Anomaly Detection System is defined as a real-time surveillance program designed to automatically detect and account for the signs of offensive or disruptive activities immediately.
In MIL, precise temporal locations of anomalous events in videos are unknown. Video-level labels indicating the presence of an anomaly.
Single video is a bag if the instance of video contains the anomaly we label it as a positive bag(anomalus video) else we consider it negative video(normal video).
The C3D model is given an input video segment of 16 frames (after downsampling to a fixed size which depends on dataset used) and the outputs a 4096-element vector.
The fully connected layers have a size of 4096 dimensions which will be used in the DNN model for calculating the anomaly score
The inflated convolution i.e. 3d convolution are performed on the 2D cnn model and after performing number of convolutions on the previous layer and also applying max pooling the results are concated and that result is called an inception module.
The I3D Architecture gives a size of 1024 dimensions which will be used in the DNN model for calculating the anomaly score.
Feature of 16 frames clip are represented in the form of (4096D and 1024D) were fed into a 3-layer feed forward neural network.
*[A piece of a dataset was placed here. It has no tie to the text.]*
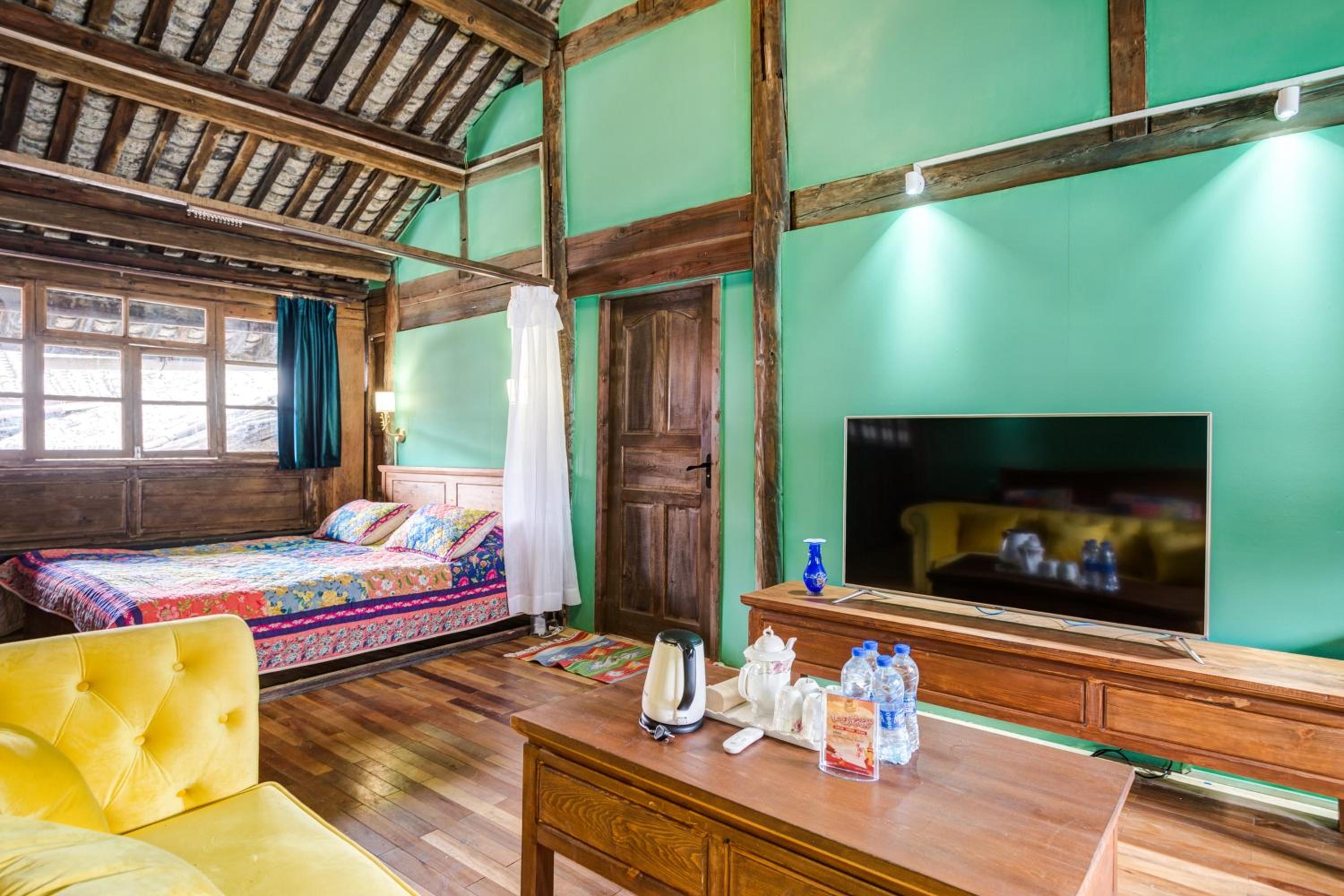 Suite with Terrace photo 2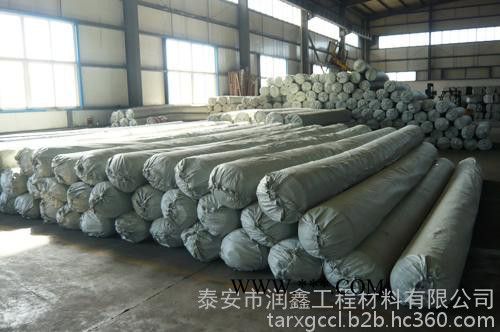泰安潤鑫 2.0mm國標(biāo)土工膜養(yǎng)殖膜 廠家直供 湖北省 膨潤土防水毯 防滲土工膜 定制生產(chǎn) 量大價(jià)優(yōu)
This approach will use forward propagation and backward propagation using hinge loss formulation, sparsity and smoothness.
We have trained our model for 4000 iterations, batch size is 32, learning rate is 0.01 and we have got the sum of hinge-loss, sparsity loss and smoothness loss which is 1.7413.
We have trained our I3d model for 10000 iterations, batch size is 32, learning rate is 0.01 and we have got the sum of hinge-loss, sparsity loss and smoothness loss which is 2.23.
The I3d Trained model gives results with more accuracy then the results generated using the C3D model.